▶ _Problem details_: Word for word, restate the lines of the listing below from the line with "Building Photo - Wonderful" through the line with "Mineral Gray Metallic", and do not include the pictures.

▶ _Provided data_:
════════

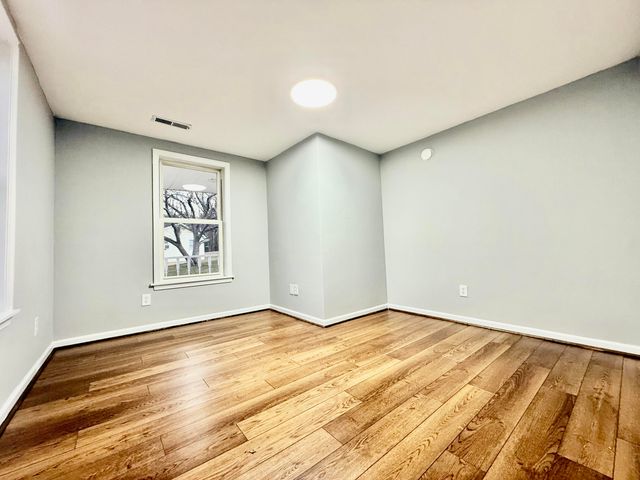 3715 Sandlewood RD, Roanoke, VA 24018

════════

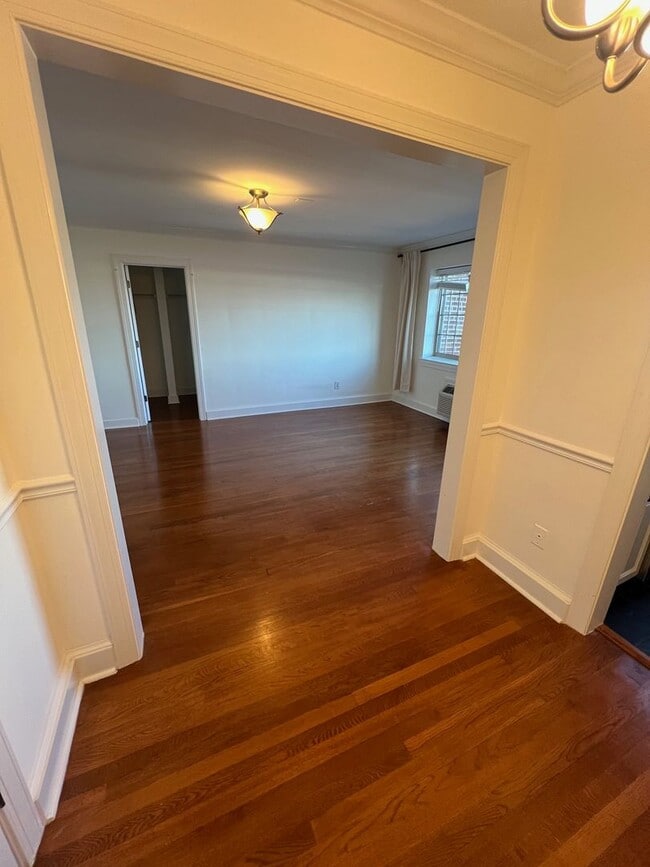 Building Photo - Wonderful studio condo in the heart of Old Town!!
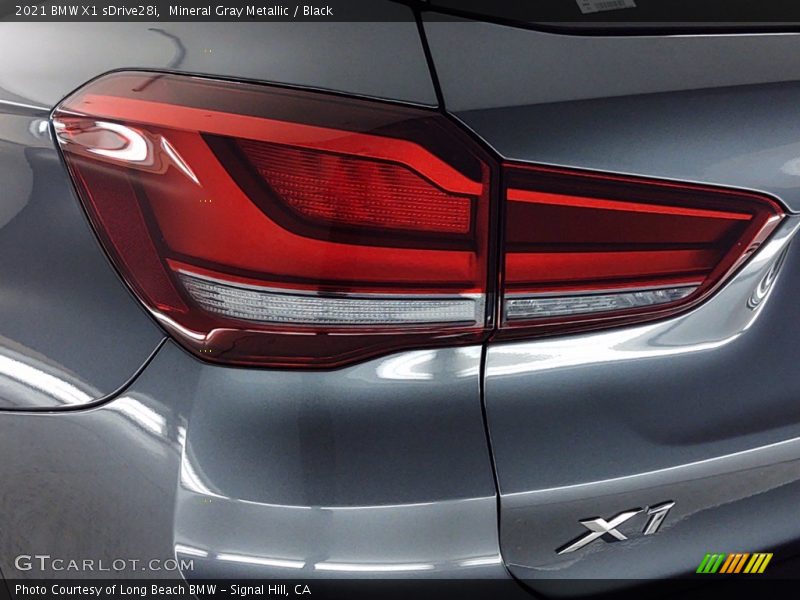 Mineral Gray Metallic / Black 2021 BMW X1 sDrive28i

════════

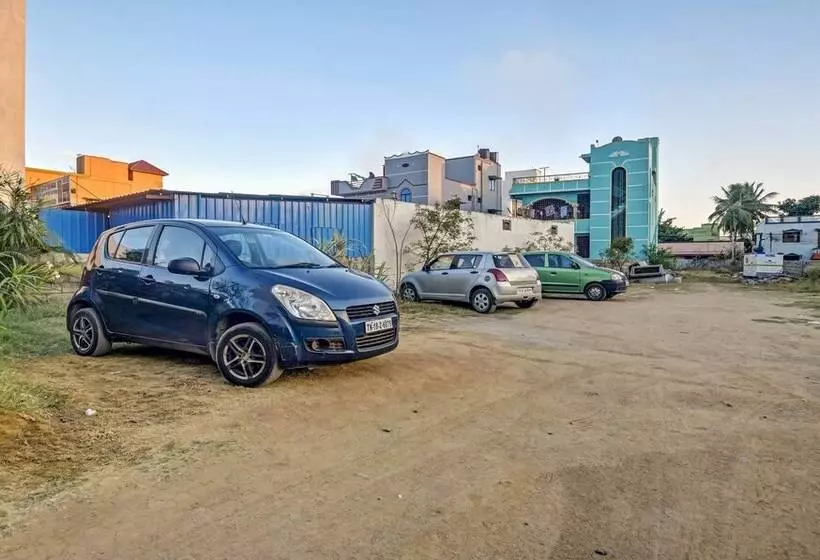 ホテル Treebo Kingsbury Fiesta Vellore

════════

▶ _Reply to the exercise_:
 Building Photo - Wonderful studio condo in the heart of Old Town!!
 Mineral Gray Metallic / Black 2021 BMW X1 sDrive28i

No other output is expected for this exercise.